Я чуть отодвинул стул – расстояние до мольберта должно быть равно вытянутой руке. Прищурился и сосредоточился. Начало процесса рисования подобно медитации. Еще до того, как карандаш коснется бумаги, важно увидеть, каким будет твой рисунок в законченном виде. Увидеть и попытаться удержать образ в своем сознании. Композиция в листе – первый шаг, ошибка здесь будет непоправимой. Как бы мастерски ты ни отштриховал модель, рисунок получится неудачным, если композиция не уравновешенна. Если изображаемый объект зажат в угол или уехал вниз. Или, наоборот, уперся головой в край листа. Или же выглядит карликом, или ему очевидно тесно в твоем формате. Такую ошибку исправить нельзя.

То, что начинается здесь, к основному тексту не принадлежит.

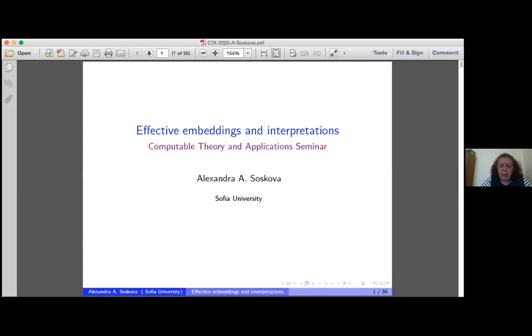Julia Knight, with her students Wesley Calvert, Tubings, and Sarah Miller,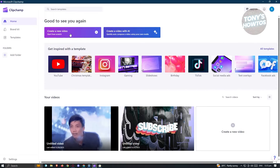We have two options: create a video or create video with AI, which is something really neat. With the new trends in AI right now, it's going to make things a lot easier. But for now, to get us familiarized with what we could do here on Clipchamp, we want to start creating a new video first.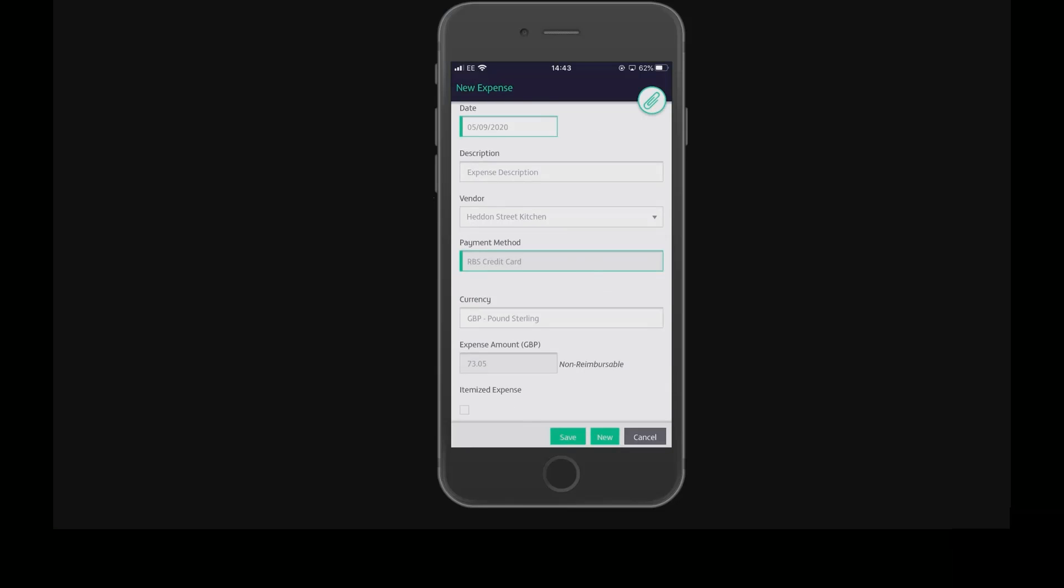A new expense is shown with the vendor, payment method, currency, and expense amount already populated for you.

Первые линии. Рука движется легко и свободно, одновременно она обладает стальной точностью. Карандаш подобен острию рапиры, изящество движений передается твоему рисунку. Стремительно намечены пропорции, определено, где закончится голова, куда упрутся ноги. Вот локоть, тут колено.
Движения твои стремительны, это почти танец. Важно не упустить образ, не потерять ритм. Решительной вертикальной линией определяется динамика позы. Модель сидит? Да. Но это не значит, что у нее нет внутренней динамики. Это же не мешок картошки, не прибрежный валун. Ради чего ты потратил годы на изучение всех этих костей, мышц и сухожилий? Именно ради этого. Именно для того, чтобы увидеть внутреннюю конструкцию, найти сжатую пружину, спрятанную под кожей. Невидимую никому, кроме избранных, посвященных в тайну мастерства.
В перерыве случилась драка. Я первый раз в своей жизни ударил человека в лицо. Мы курили на лестнице между этажами, в широком пролете окна виднелась высыхающая жесть крыш. Дождь кончился, по тюремной краске коридора хворое солнце раскидало молочные пятна. К куреву я пристрастился недавно, поэтому затягивался осторожно, стараясь не закашляться.
Малиновский изощренно куражился над Заикой: под маской сердечной заинтересованности ласково расспрашивал его о чем-то, тот простодушно вдавался в подробности, спотыкался на неизбежных «т» и «д», застревал, буксовал, пытаясь выговорить проклятое слово. Внизу какой-то псих непрерывно давил на клаксон, я выглянул в окно – караван из пяти похоронных автобусов с черными лентами по борту застрял на перекрестке. В одном из автобусов за янтарными стеклами сидели черные силуэты музыкантов с инструментами, в прореху неопрятных облаков брызнуло солнце, и тут же на меди труб вспыхнули обнадеживающие зайчики.